Why legal advice is only part of the solution in preparing for the GDPR in a recruitment sector business

A common complaint from firms who have sought advice from their lawyers or generic GDPR consultants, is that they find that their advice or approach is impractical to implement in the business.

Having grasped the implications of the legislation, Helen Haddon, a consultant with 20 years operational experience in executive search and recruitment businesses discussed the best approach with Elle Todd, partner and head of Digital and Data at international law firm CMS and Leon Penny, CEO of SynergyGroup. She then set up ComplyGDPR to provide specific solutions for executive search, interim management, in-house teams and recruitment businesses.

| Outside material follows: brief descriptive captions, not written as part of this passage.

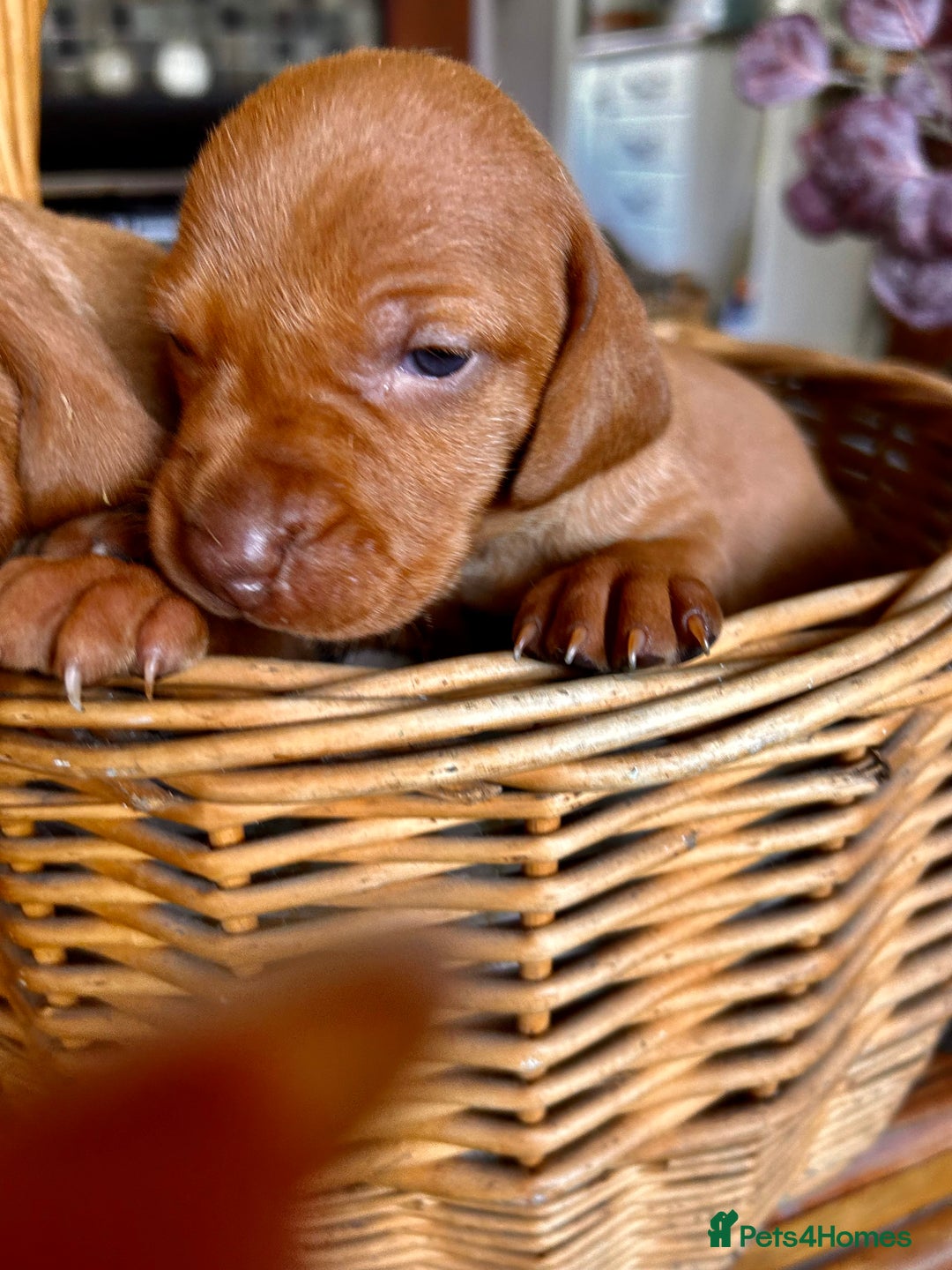 Hungarian Vizsla dogs for sale: Hungarian viszla puppies  - Image 4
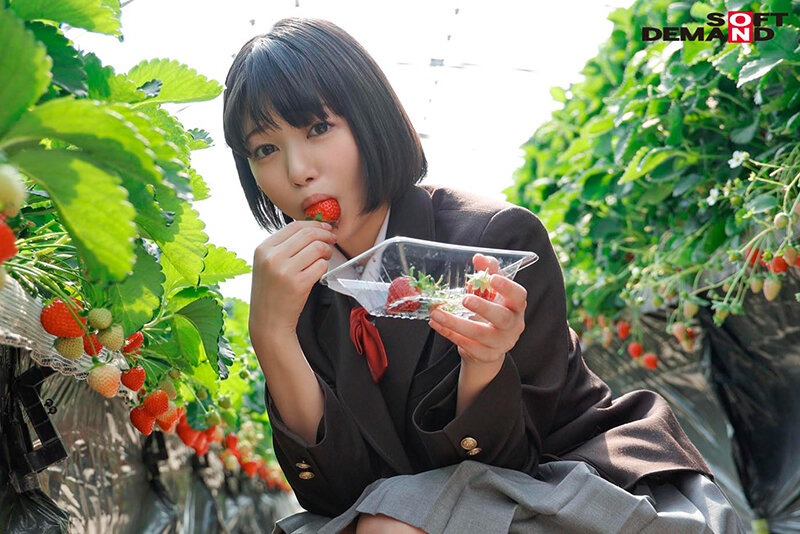 【AVレビュー】桃乃りん/未成熟なカラダ、あやうい美少女 18歳 SOD専属AVデビュー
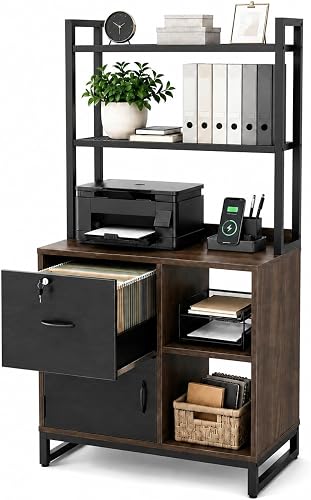 Industrial Style Office Storage Cabinet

Elle explains why many search firms struggle to understand how to translate the requirements of the GDPR into their business. She says “many will claim to be able to advise on data protection but it requires more than just reciting what the legislation says. Instead, it requires in-depth understanding of the evolution of data laws, areas of risk and an ability to translate complex and often vague concepts into practical and workable actions and processes that your business can actually understand and use. Done properly and focused on your sector’s nuances, however, it will however save you money in the longer term by meaning you should be able to run your data compliance and not constantly need further input and advice.”
Once you begin to unravel the requirements of this new legislation, it soon becomes apparent that although there is much that is familiar from the existing Data Protection Act, this is not a just a tweak, this new legislation takes data privacy and the responsibility of organisations to a whole new level.
It produces challenges around processing assignment data because some data is provided by the individuals themselves but a significant proportion is gathered without the knowledge or consent of individuals. The regulation requires new processes to be implemented to respond to individuals’ requests to see their data. Firms need to monitor and report data breaches within the required timescales, this requires IT expertise as well as good internal processes and training. Above all it requires the ability to be able to demonstrate your data privacy approach through record keeping, training and documentation.
The ComplyGDPR approach is to provide a toolkit that provides the legal advice that is translated into processes that can be implemented into the business. This is the approach that generic GDPR consultants or lawyers can not provide as they lack the in depth knowledge of the business context.